**YOUR OBJECTIVE:** Your answer must be a word-for-word copy of the listing below, minus its pictures.

**DATASET CONTENT:**

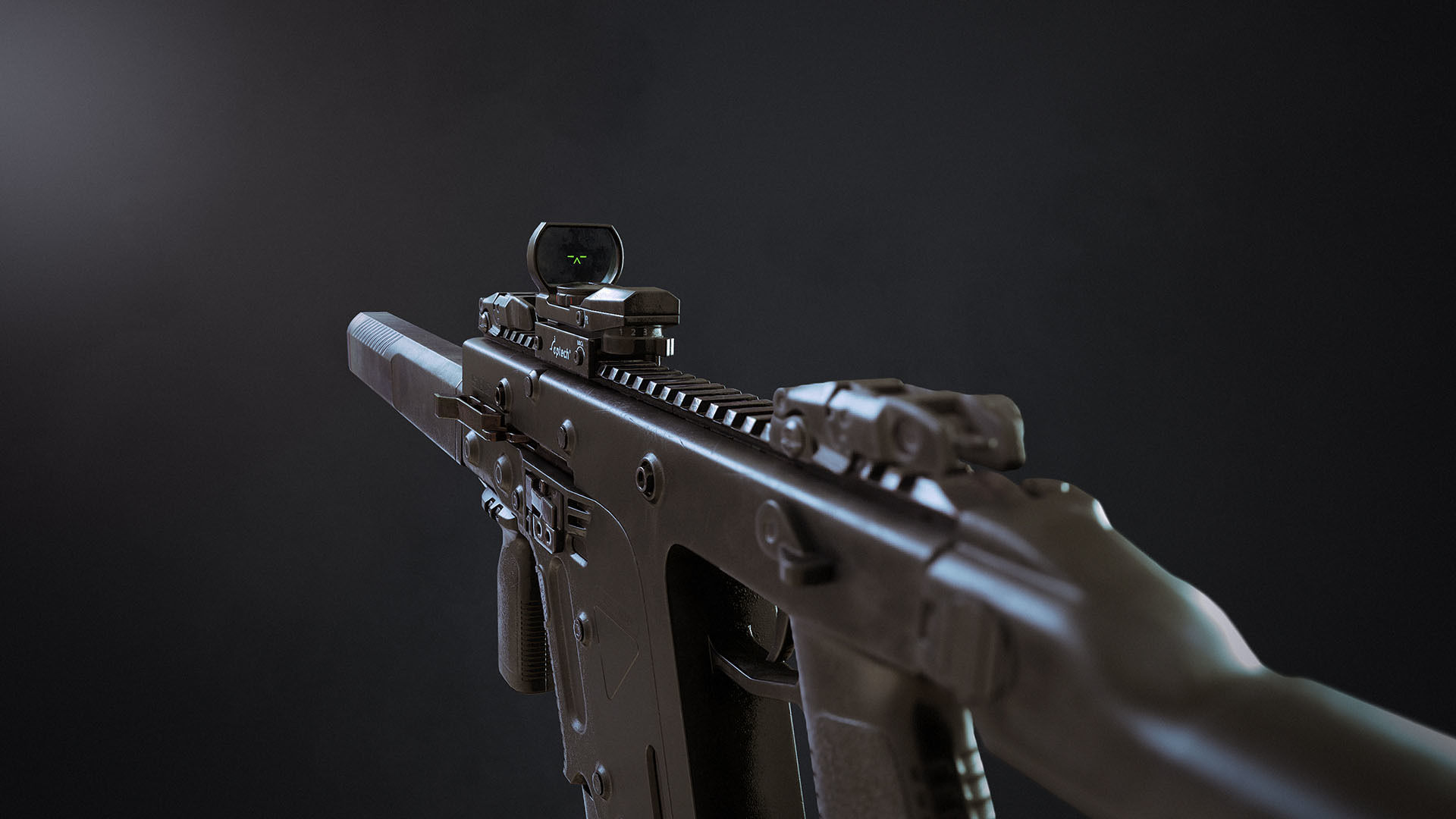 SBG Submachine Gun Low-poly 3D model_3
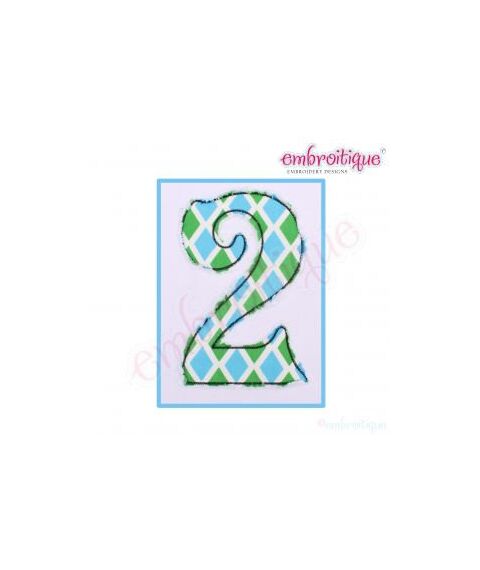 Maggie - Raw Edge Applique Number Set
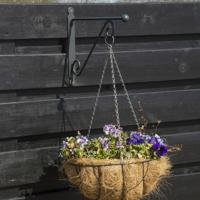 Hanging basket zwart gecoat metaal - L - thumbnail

**PROBLEM SOLUTION:**
 SBG Submachine Gun Low-poly 3D model_3
 Maggie - Raw Edge Applique Number Set
 Hanging basket zwart gecoat metaal - L - thumbnail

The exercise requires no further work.